> **Task description**:
Take the lines below from the one with "The cards are" through the one with "Slifer the Sky" and print only them, exactly. Don't print the pictures.

> **Exercise input**:

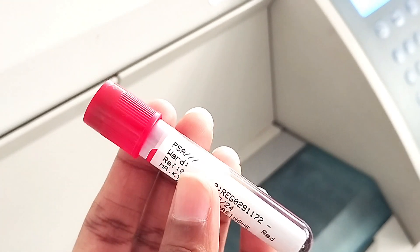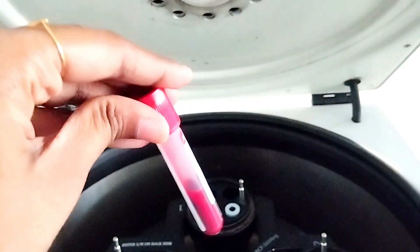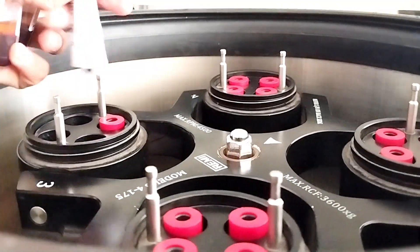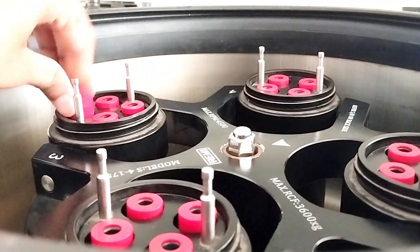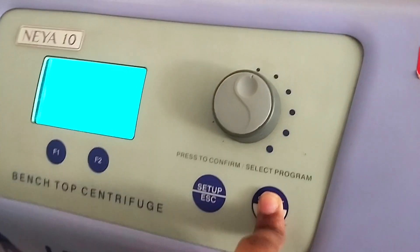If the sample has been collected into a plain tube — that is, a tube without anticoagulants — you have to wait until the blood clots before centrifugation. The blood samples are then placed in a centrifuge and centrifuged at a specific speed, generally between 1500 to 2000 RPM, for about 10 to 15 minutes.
--
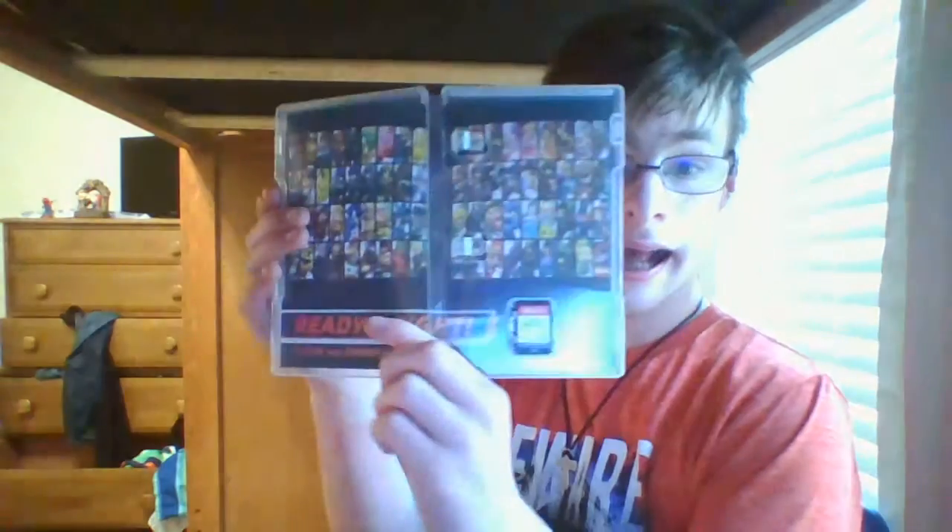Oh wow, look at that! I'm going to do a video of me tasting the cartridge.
---
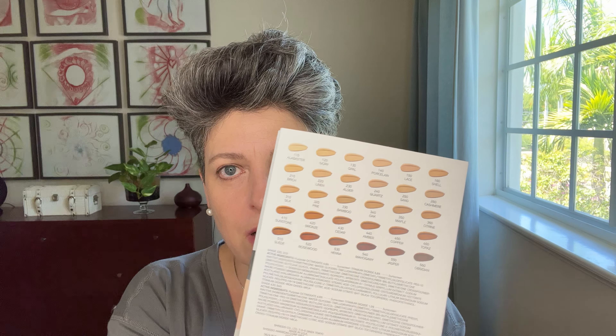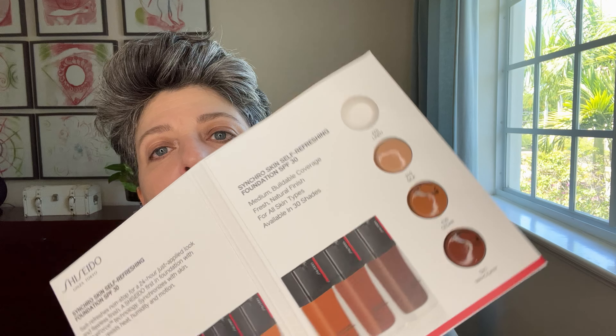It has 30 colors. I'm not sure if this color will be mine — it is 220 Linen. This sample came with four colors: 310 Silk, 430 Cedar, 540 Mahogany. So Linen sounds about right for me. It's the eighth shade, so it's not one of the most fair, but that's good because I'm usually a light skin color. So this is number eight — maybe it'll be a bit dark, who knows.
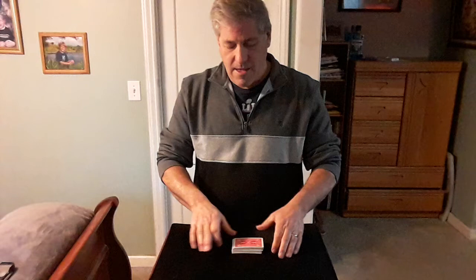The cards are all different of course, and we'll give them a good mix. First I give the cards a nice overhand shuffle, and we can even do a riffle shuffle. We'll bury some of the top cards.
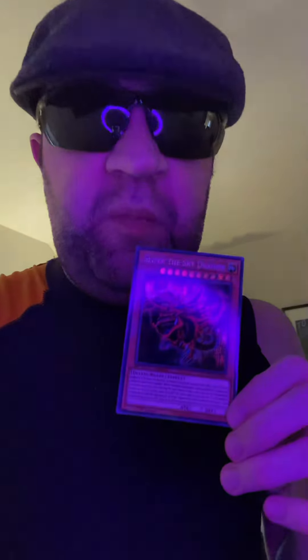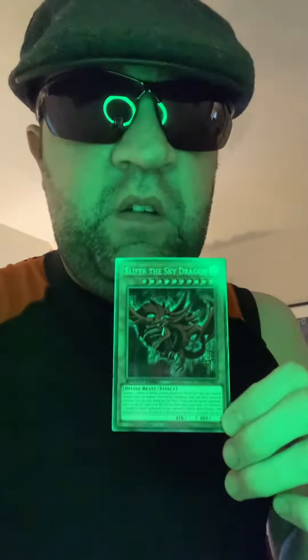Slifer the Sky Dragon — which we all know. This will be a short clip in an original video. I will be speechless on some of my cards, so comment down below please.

> **The completed task**:
The cards are all different of course, and we'll give them a good mix. First I give the cards a nice overhand shuffle, and we can even do a riffle shuffle. We'll bury some of the top cards.
Slifer the Sky Dragon — which we all know. This will be a short clip in an original video. I will be speechless on some of my cards, so comment down below please.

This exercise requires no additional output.